About Jex Silt Pumping Ltd
Peter Jex, owner of Jex Silt Pumping started his dredging career in 1972 as an apprentice engineer for a company called Dredging and Construction based in Kings Lynn Norfolk. Peter worked on equipment such as Drag lines, Cranes, Dredgers, Suction dredgers and traction engine dredgers. With traction engine dredgers there would be one either side of a river and a door would be dragged for one side to the other dragging the silt to one side from where it could be removed.
In order to hone his knowledge and perfect the desilting process, in 1985 Peter was involved in trials at the Suger Beet factor in Bury St Edmonds. There he did his first pumping trials, testing different forms of displacement pumps, suction pumps and hydraulic pumps to see which method would pump silt from one lagoon to another (at that time the air pump we use today had not yet been developed).
From the trials he found that the best pumps (at the time) were piston displacement pumps which could pump the silt through pipes of some distance.

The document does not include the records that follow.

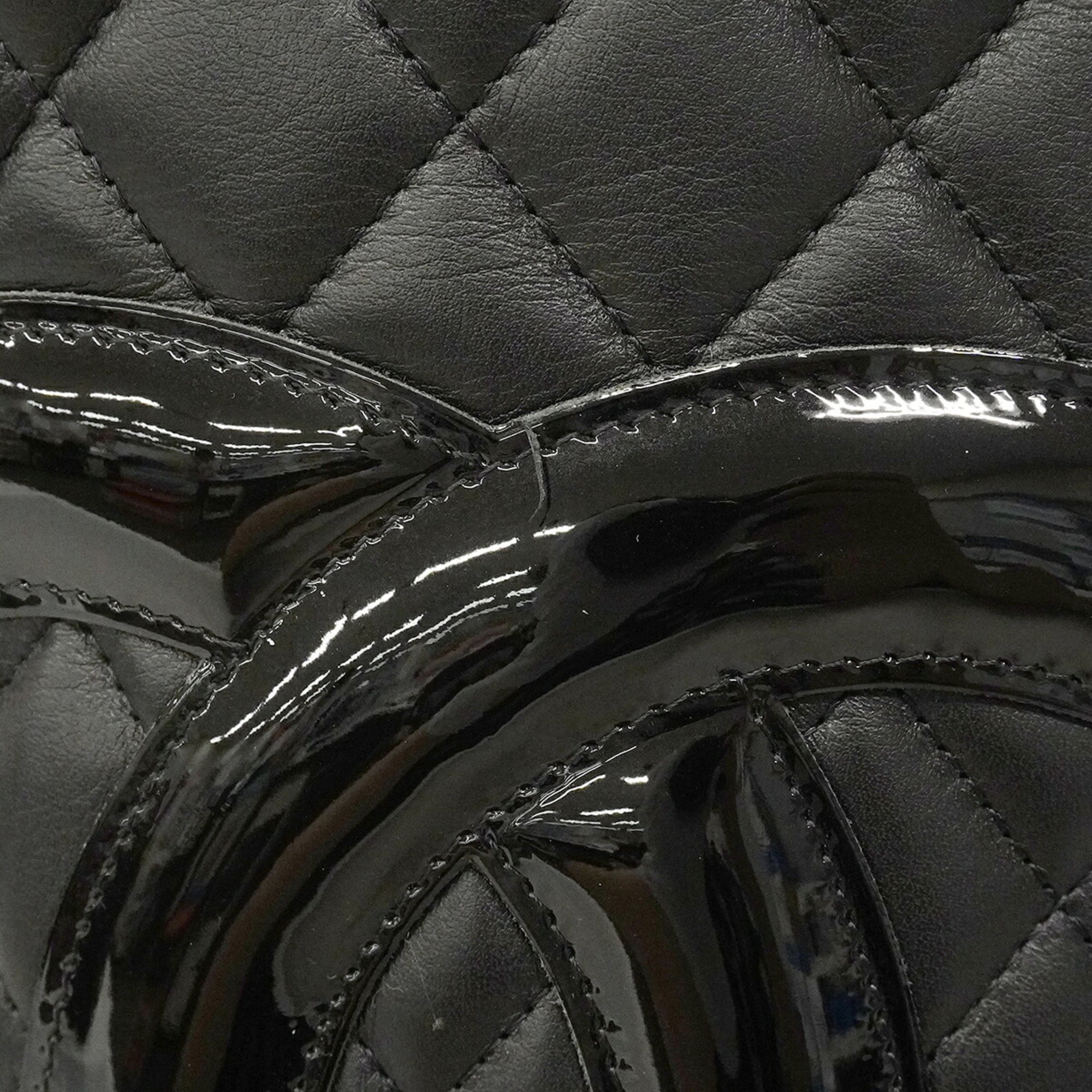 Chanel Black Leather Tote Bag (Pre-Owned)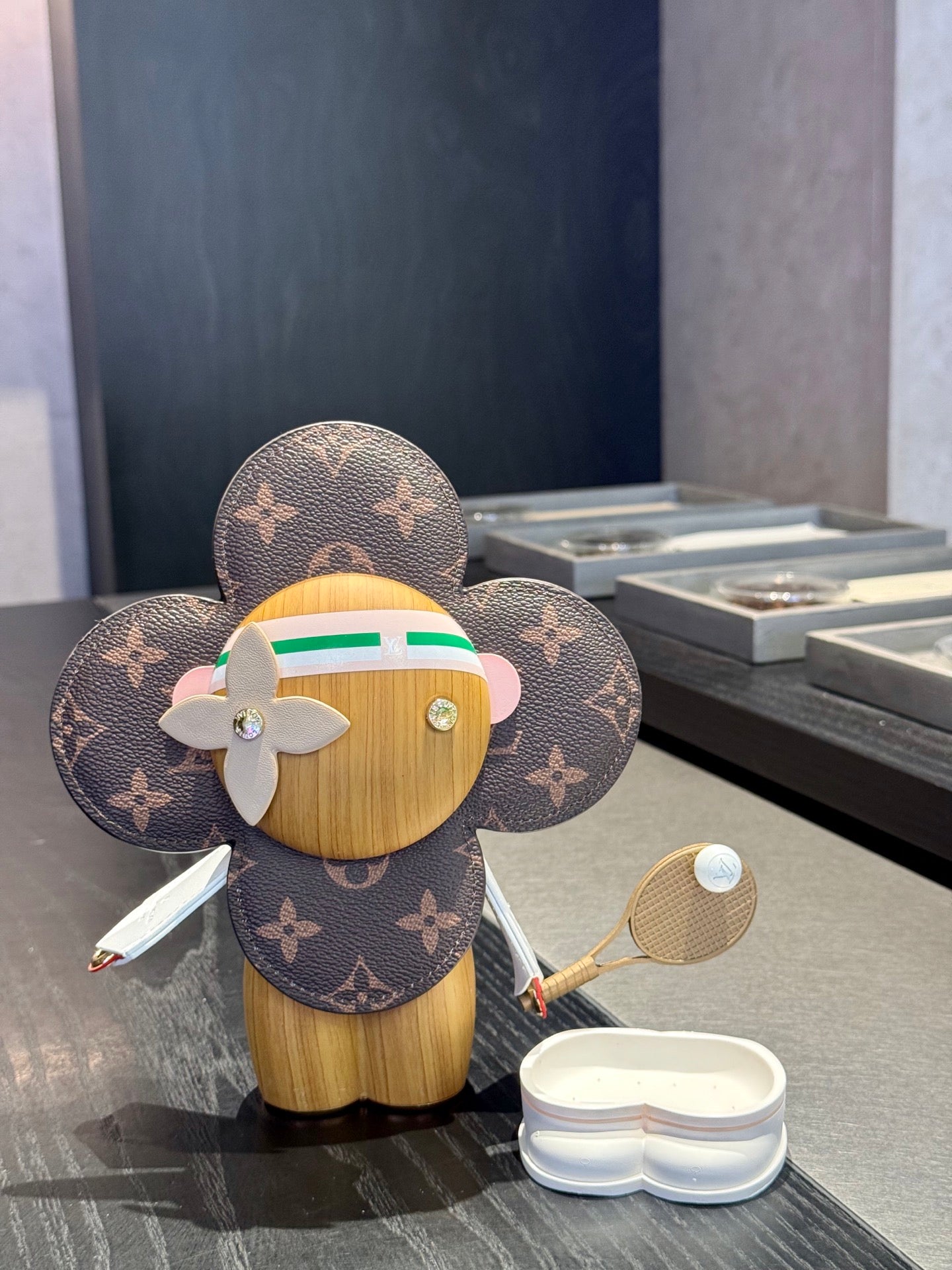 CUSTOM VIVIENNE SCENTED FIGURINE (BROWN TENNIS)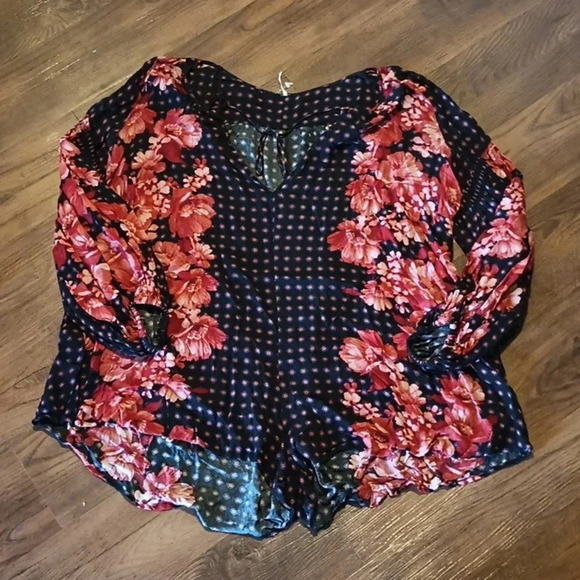 Free People Oversized Flowy Long Sleeve Floral Shorts Romper A42 - Picture 1 of 6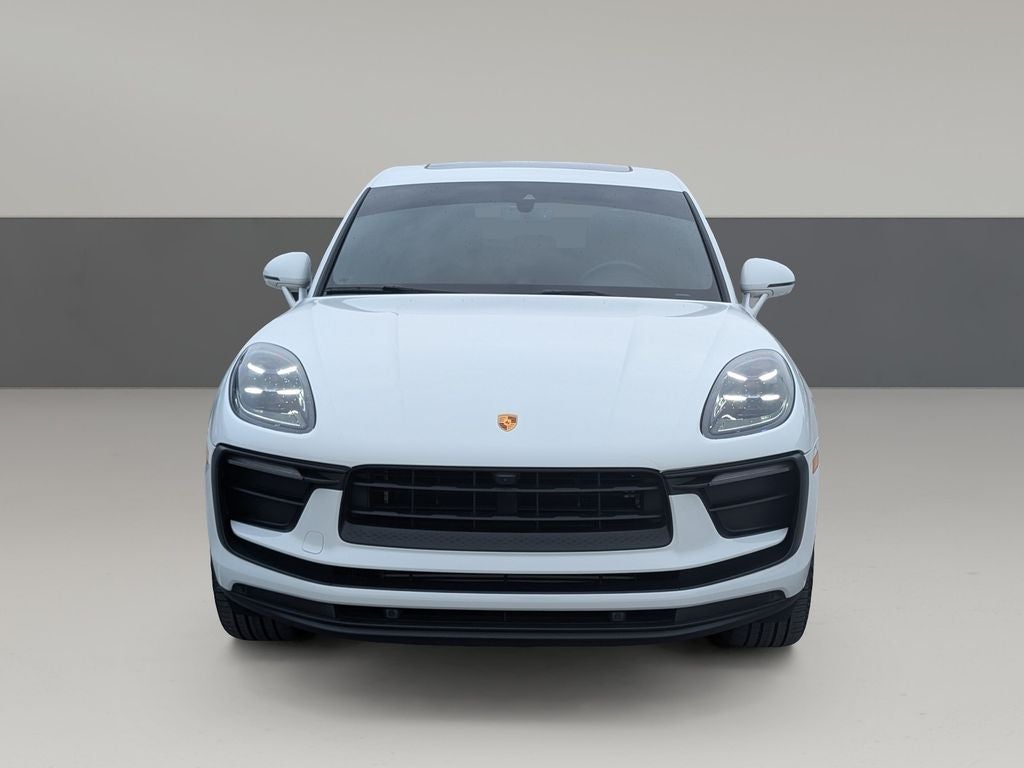 2022 Porsche Macan Base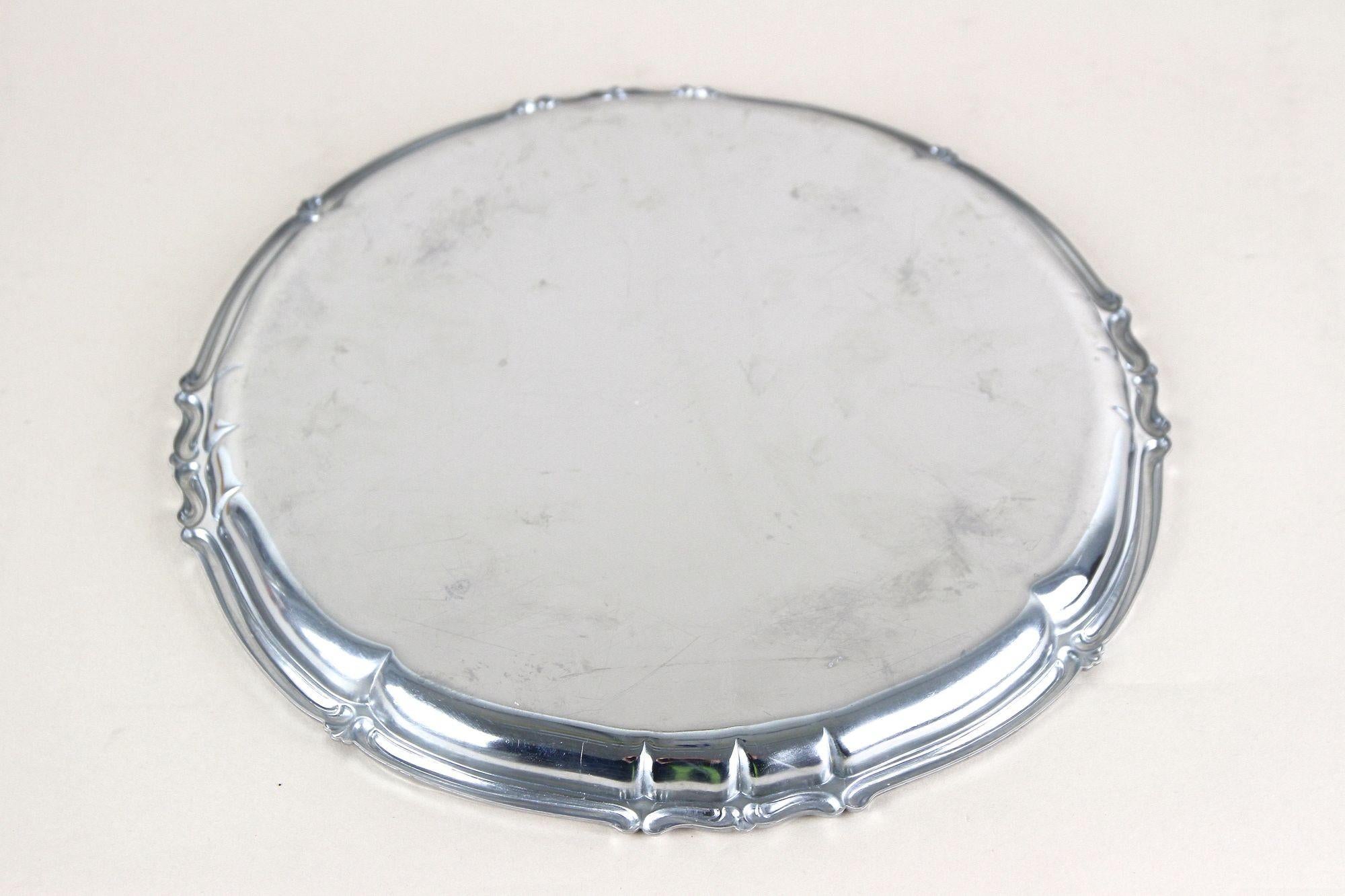 Métal Plateau de service en argent du 20ème siècle, marqué « Musbach, Allemagne, vers 1960 en vente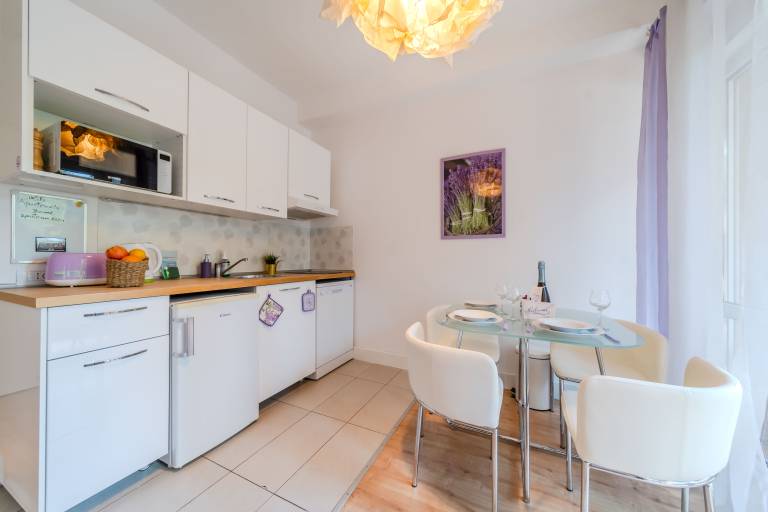 Lavanda Apartment With Terrace — photo 5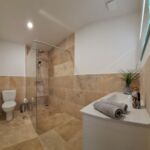 Salle de bain avec wc privatisée pour la salle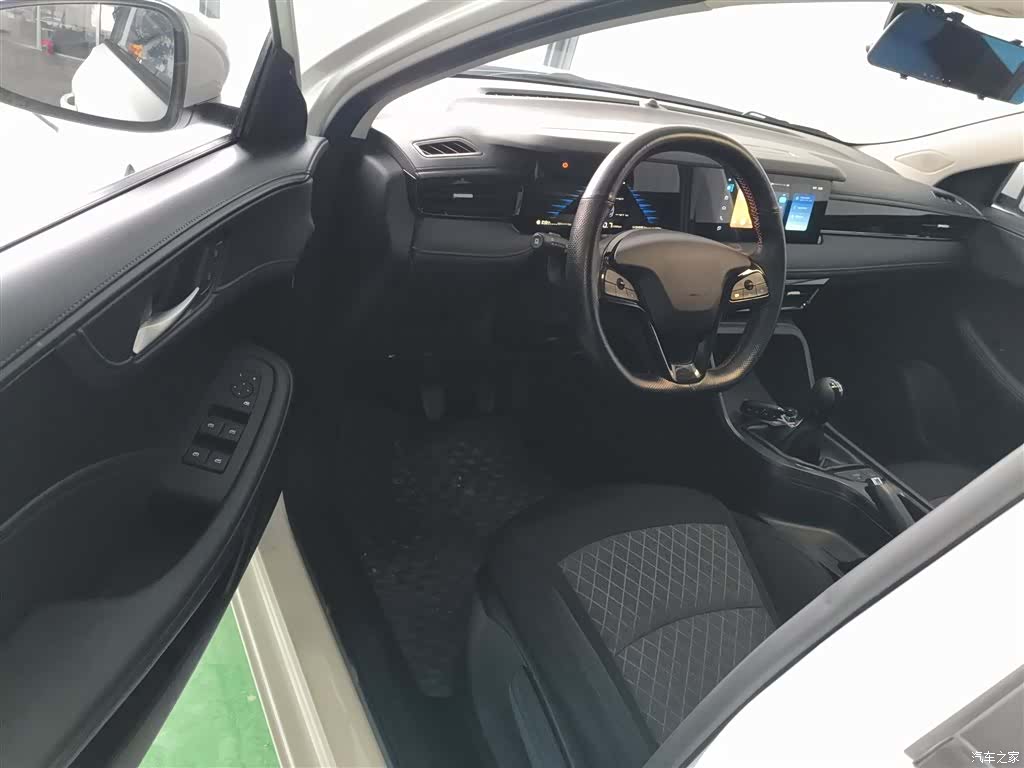Roewe i5, 2023 12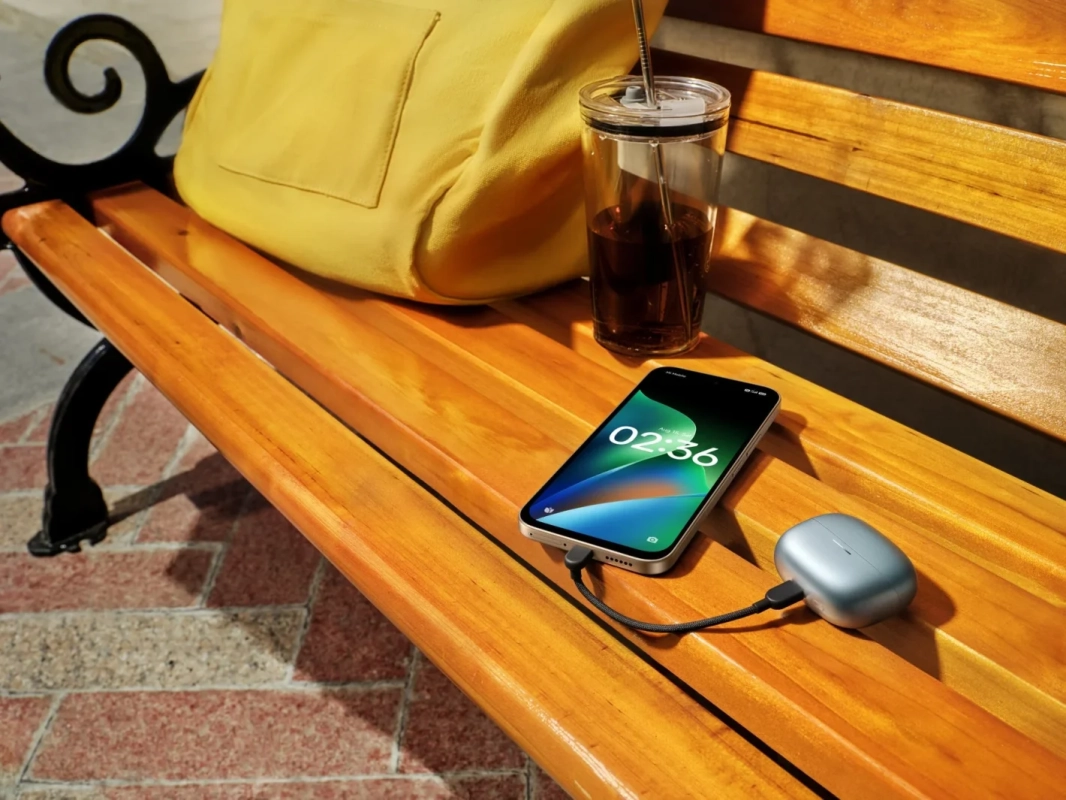 充電中のスマートフォンとワイヤレスイヤホンケース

The main problems that Peter encountered with these systems was that the pipework required for pumping the silt was quite heavy and needed buoyancy aids to float the pipes across water. Additionally, using this method with the piston displacement pumps, blowback was sometimes encountered and the pipes would split.
Other problems included the need for a huge amount of water, with a very low solids to water ratio, 10-15% solids to 85-90% water. When used in conjunction with dewater bags, it used to take quite some time to separate the silt from the water. In addition, some of these methods required a flocculent, a chemical that created separation of the solids from the water inside the dewatering bag. A very inefficient and environmentally unfriendly process.
Before creating Jex Silt Pumping, Peter also worked for the National Rivers Authority (now the Environment Agency). From there he joined an earth moving company working on flood defences around Norfolk. Peter worked on the Runway at Port Stanley in the Falklands as well as doing landscaping work there and also spent two years in Portugal landscaping and shaping golf courses there.
So around 2005, Peter developed a system of dredging and desilting that can pump silt upto 800 metres from the project site, using very little water to transport the solids away. Much reducing the need for dumper trucks and decreasing the environmental impact of the dredging process. It took a few years of development but by 2010 Peter had honed the system to be one of the first silt pumping system in use in the UK, much reducing the environmental impact of dredging operations.